The story of a platoon of American soldiers on a "Victory Tour" across America and taking place over one afternoon in a Dallas football stadium, the picture is heavy with flashbacks. Jumping back to both Billy at home and in Iraq, there are intense moments throughout. As powerful as the Iraq sequences are, the more nerve wracking might be Billy when he visits home for Thanksgiving. Reunited with his sister, played by Kristen Stewart, in another stellar supporting role, their relationship is the emotional crux of the film.
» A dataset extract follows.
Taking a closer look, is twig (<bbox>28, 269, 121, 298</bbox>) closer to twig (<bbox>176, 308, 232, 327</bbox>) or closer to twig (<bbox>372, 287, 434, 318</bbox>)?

Although I couldn't see this in HFR, even in standard, I've never seen a more crisp and immediate picture. John Toll's cinematography relies on numerous close-ups paired with sweeping camera movements. Actors are made to address the camera directly during dialogue, bringing to mind Tak Fujimoto's unforgettable work on Silence of the Lambs. The viewer is never not engaged with the proceedings.
Joe Alwyn, who plays the lead is going to have a big career ahead of him. He brings a passion and believability to the titular Billy Lynn, it's shocking that this is his debut, you'd think he's been doing this for a while. The supporting cast is aces as well, from a tough as nails Garrett Hedlund (Tron: Legacy) as Lynn's superior, to Steve Martin and Chris Tucker, both playing against type. Vin Diesel however deserves special mention, as this is his best performance in years, possibly since The Iron Giant.
Recently, Lee has been pushing forward the boundaries of what a film can be or even do. He continues that trend here and to great effect, pushing technology forward without sacrificing story or character (James Cameron, take note.) Billy Lynn's Long Halftime Walk may not be for everyone, but it's certainly a picture with a lot of heart and a lot to say, in addition to being technically impressive. Lee has made better films, The Ice Storm or Lust: Caution among them, but this one will stick with you for a good while.